Novartis says it is planning to file for regulatory approval of its combination COPD therapy QVA149 in Europe and Japan by the end of this year, on the back of positive data from a fifth Phase III study called Spark. Regulatory submission in the U.S. is projected for the end of 2014. All five trials in the Phase III Ignite program for QVA149 to date have met their primary efficacy, safety, exercise endurance, and exacerbation reduction endpoints. The Phase III development program includes 10 studies in total, involving over 7,000 patients in 42 countries.

QVA149 combines Novartis’ approved long-acting β2-adrenergic agonist, indacaterol maleate (Onbrez® Breezhaler®/Arcapta™ Neohaler™) with NVA237 (glycopyrronium bromide; Seebri® Breezhaler®),an investigational long-acting muscarinic antagonist licensed to Novartis in April 2005 by Sosei and its co-development partner Vectura. NVA237 is separately undergoing Phase III development as a once-daily inhaled maintenance therapy for the treatment of COPD.

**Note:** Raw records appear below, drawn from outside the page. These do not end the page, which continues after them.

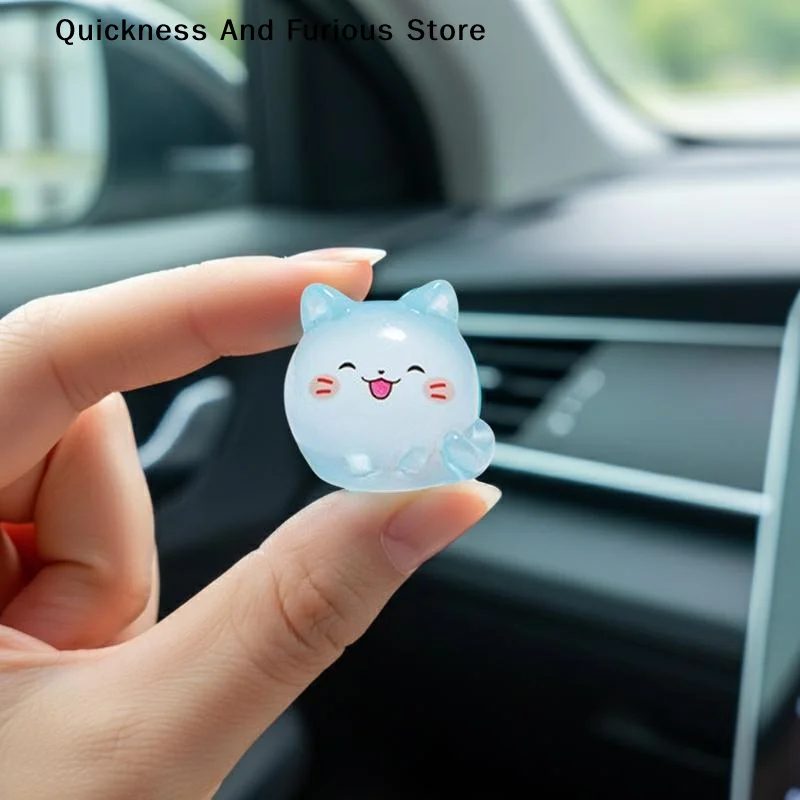 2pcs Driving Alignment Assist Balls Glow-In-The-Dark Stickers Parking Assist Line Stickers Wheel Positioning Stickers Easy Peel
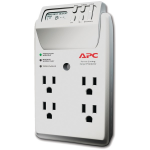 SurgeArrest Essential 4-Outlets Surge Suppressor - 4 x NEMA 5-15R - 1020 J - 120 V AC Input - 120 V AC Output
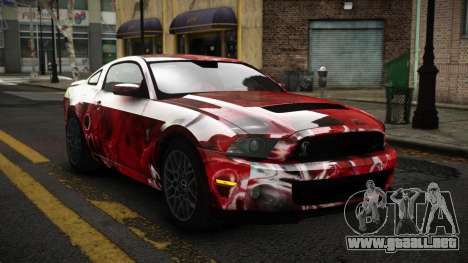Shelby GT500 Exandam S6 para GTA 4
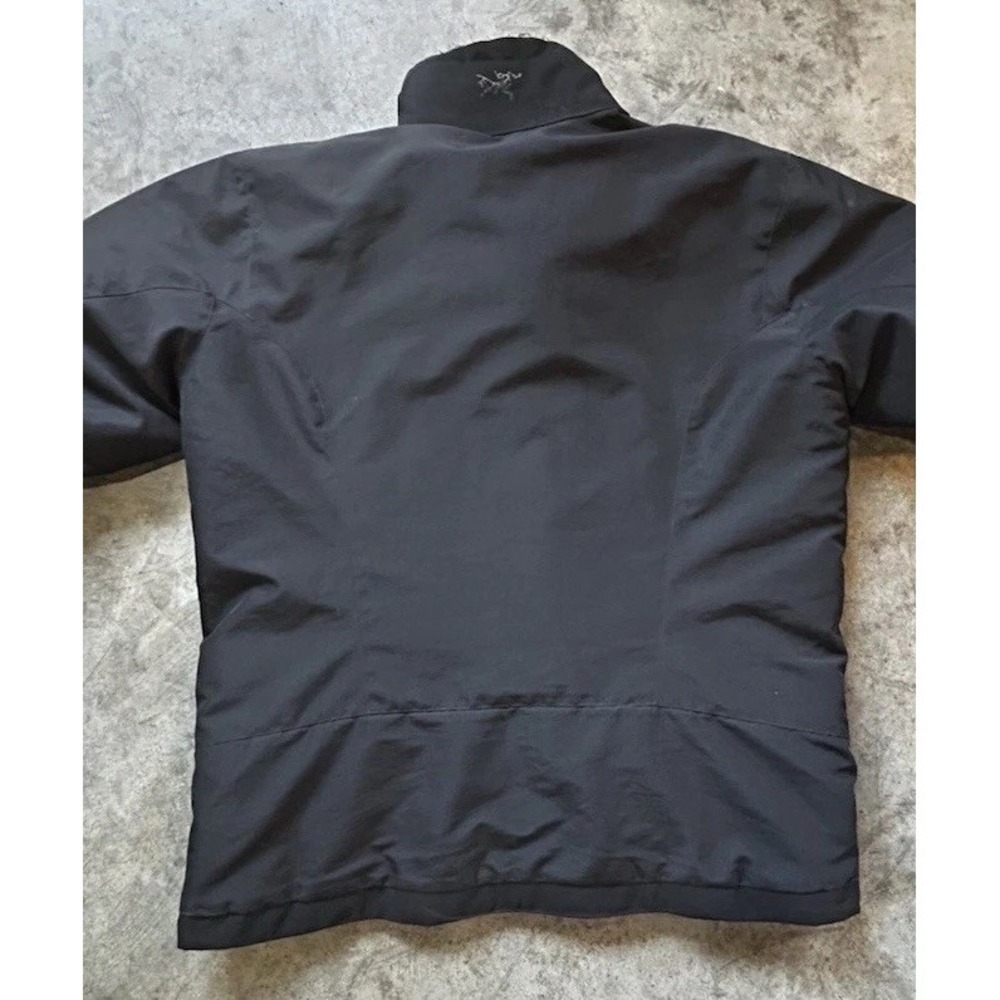 Vintage Arc'teryx AR Leaf Insulated Jacket Recco Rescue Wind Stopper Black - Picture 8 of 16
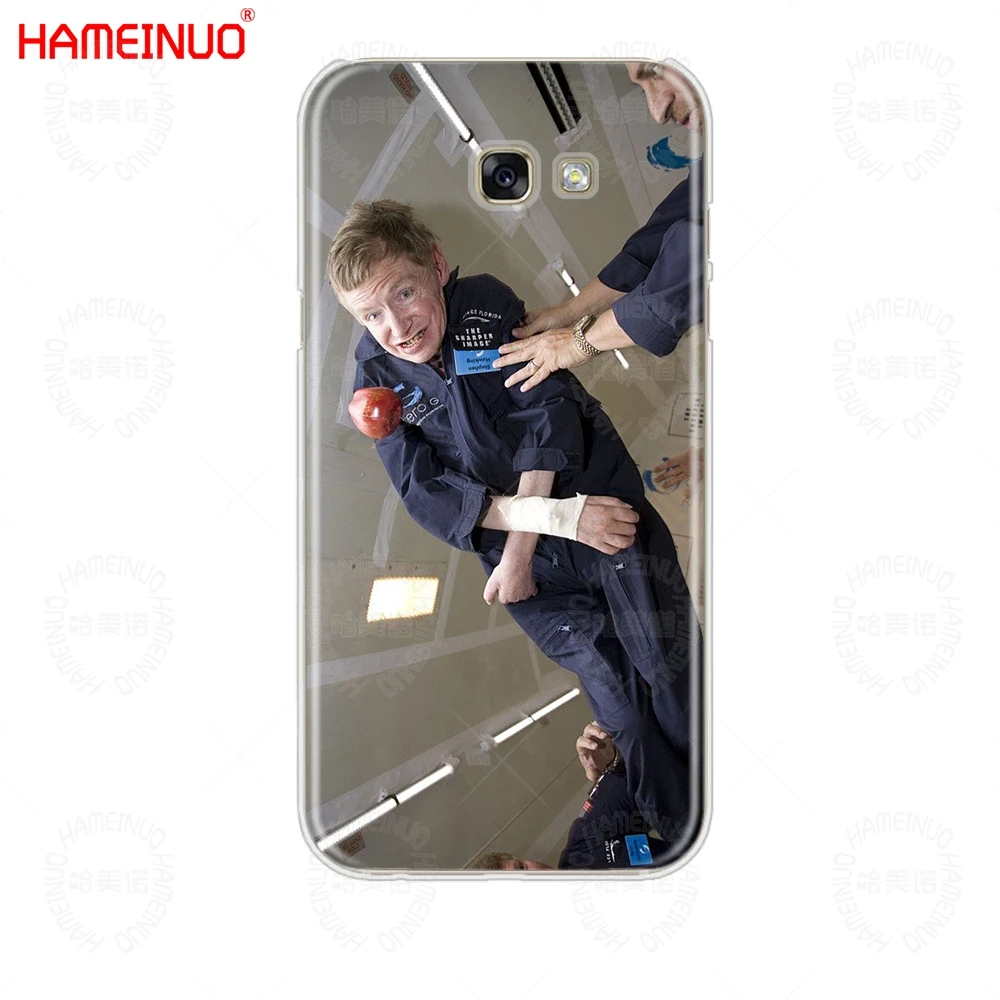 Чехол для мобильного телефона HAMEINUO Stephen William Hawking чехол Samsung Galaxy A3 A310 A5 A510 A7 A8 A9 2016 2017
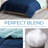 Nestl All Season Solid Lightweight Down Alternative Reversible Comforter-897527807-897527800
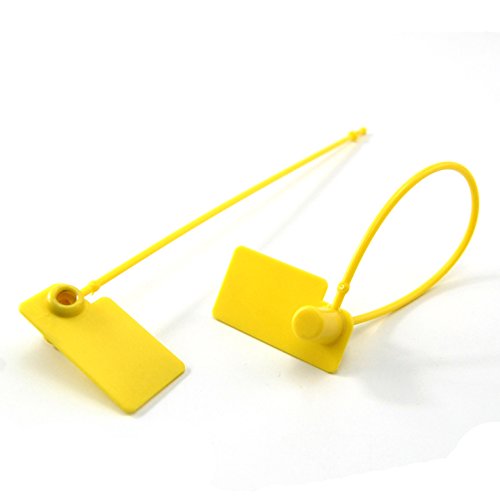 Kabelbinder, Wiederverwendbare Kabelbinder mit Haken und Schleife, selbstsicherndes Sicherheitssiegel, mehrfarbig, Packung mit mehreren Größen(Unique Colour,500) von YBAAKZIIR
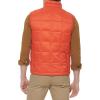 Dockers mens Men’s Box Quilted Puffer Vest(Red Clay)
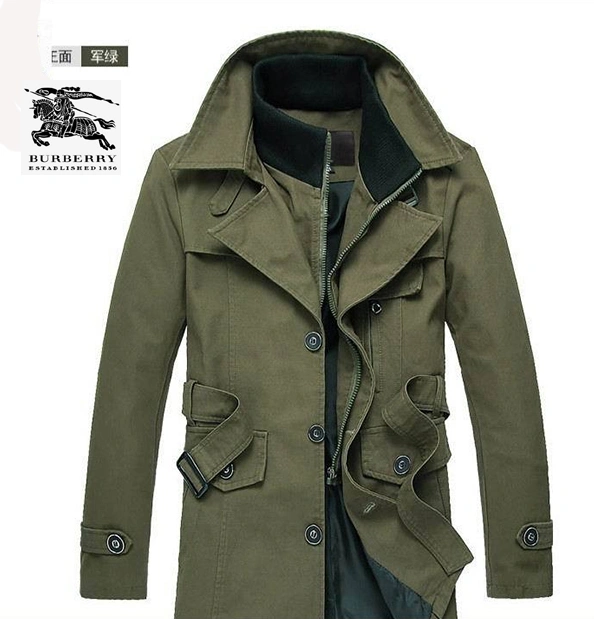 Burberry Jackets Long Sleeved For Men EasyMatch 3449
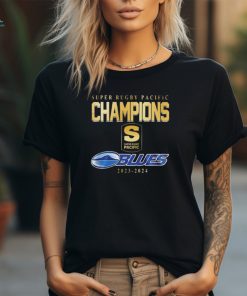 Official The Blues 2023 2024 Super Rugby Pacific Champions t shirt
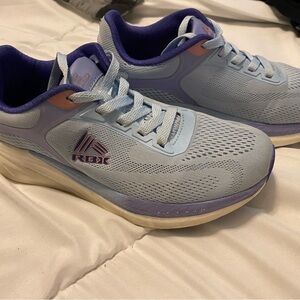 RBX Women's Athletic Shoes in Light Blue and Lavender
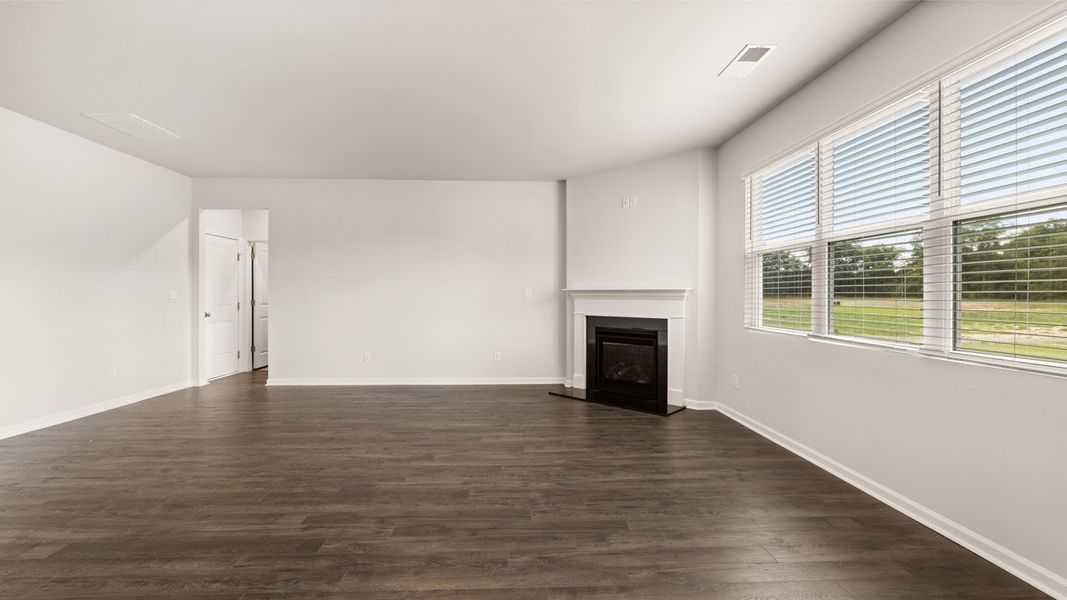 Spacious, unfurnished interior of a new home in Southwind Village, Evans (Image 18).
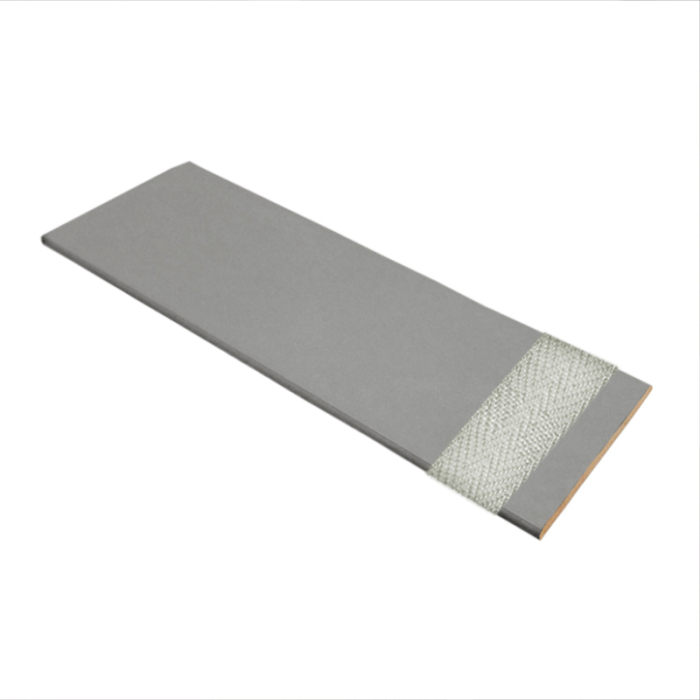 Slate Wood Venetian Blind With Slate Tape Swatch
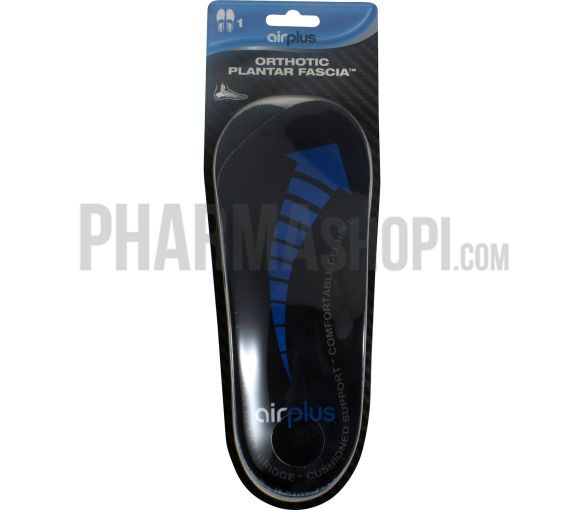 Semelles homme orthotic plantar fascia Airplus - 1 paire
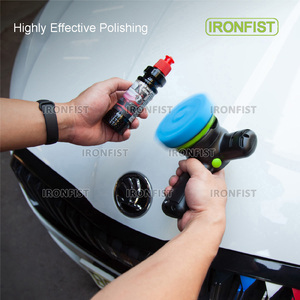 Ironfist Draadloze <span class=keywords><strong>Buffer</strong></span> Polijstmachine, 3Inch & 4Inch 7.4V Mini Wax <span class=keywords><strong>Buffer</strong></span> & Schuurmachine Met 2X18650 Batterij En Oplader - Product Image 6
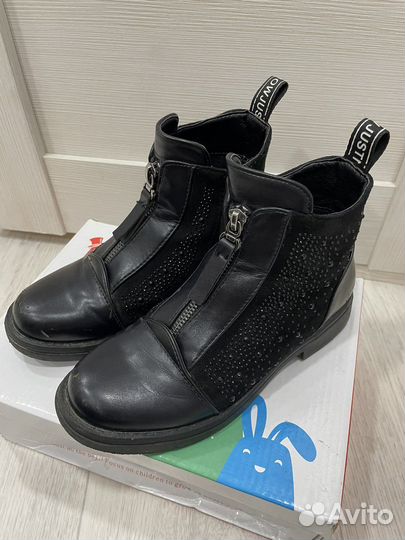 Ботинки для девочки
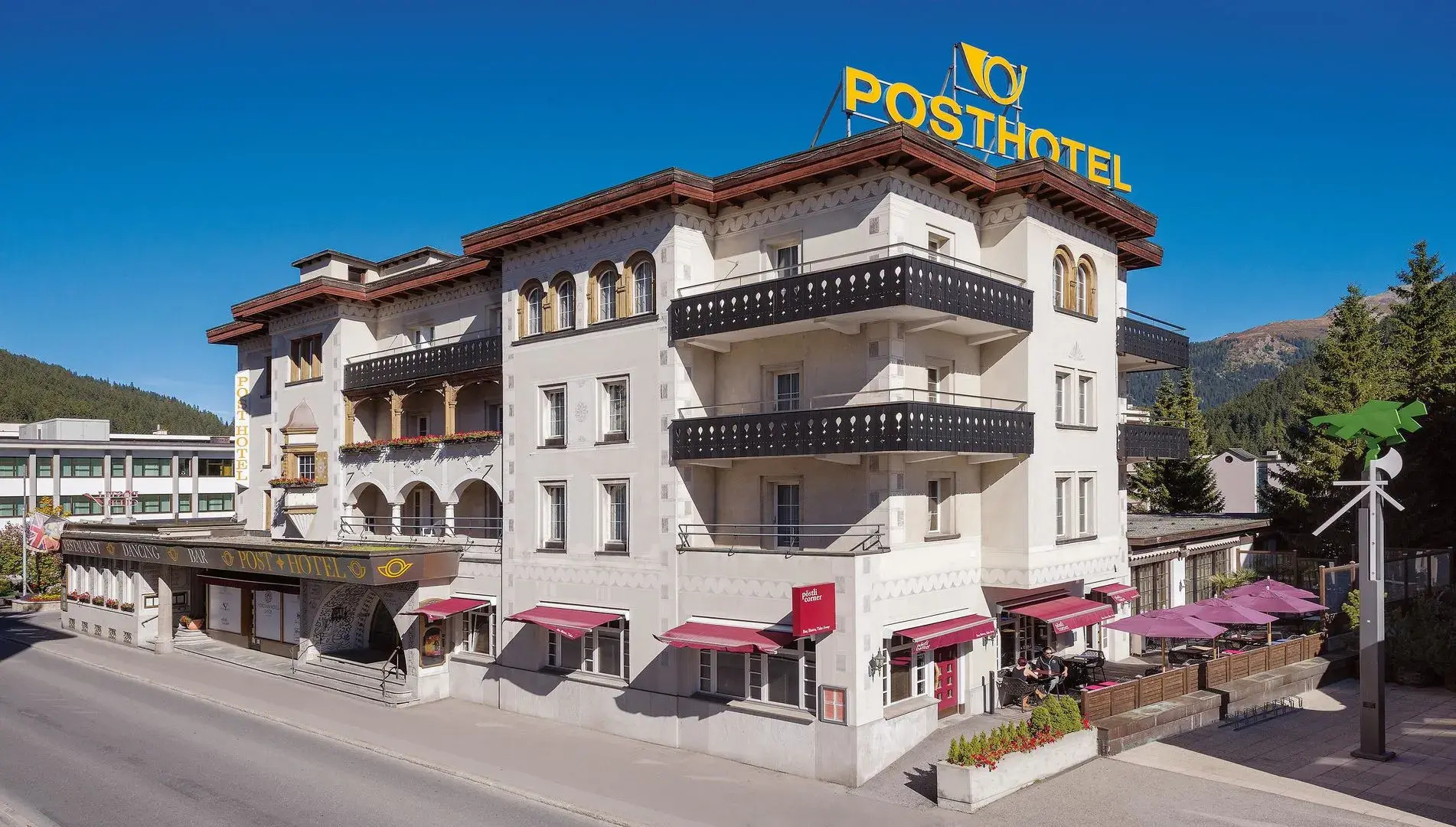 Morosani Posthotel Davos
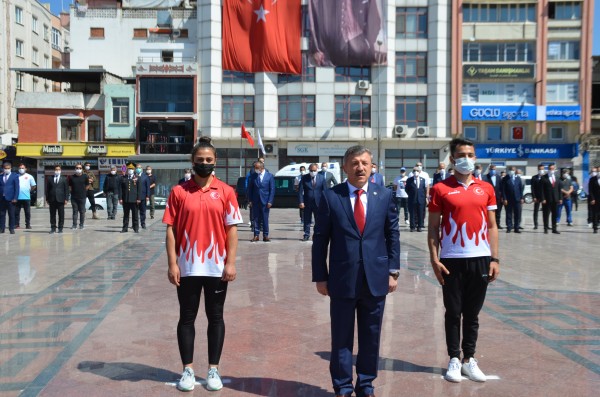 19 MAYIS ATATÜRK'Ü ANMA GENÇLİK VE SPOR BAYRAMI KİLİS'TE KUTLANDI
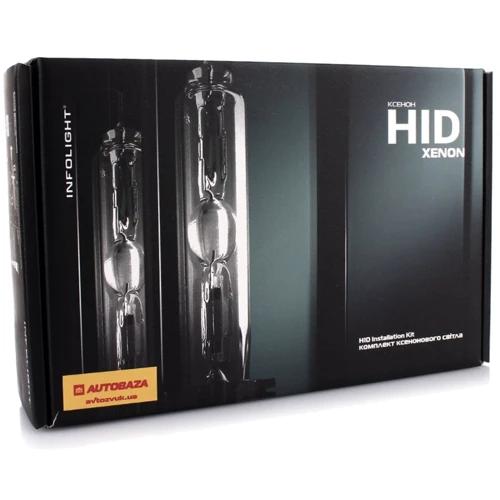 Комплекти біксенону Infolight Expert H4 6000K фото 5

The 64-week Spark study included 2,224 patients with severe-to-very severe COPD, and compared treatment using either QVA149 or glycopyrronium bromide monotherapy. The study met its primary endpoint of reducing the rate of both moderate-to-severe COPD exacerbations, and also overall exacerbations. Treatment using QVA149 similarly led to a lower rate of moderate-to-severe exacerbations when compared with open-label tiotropium.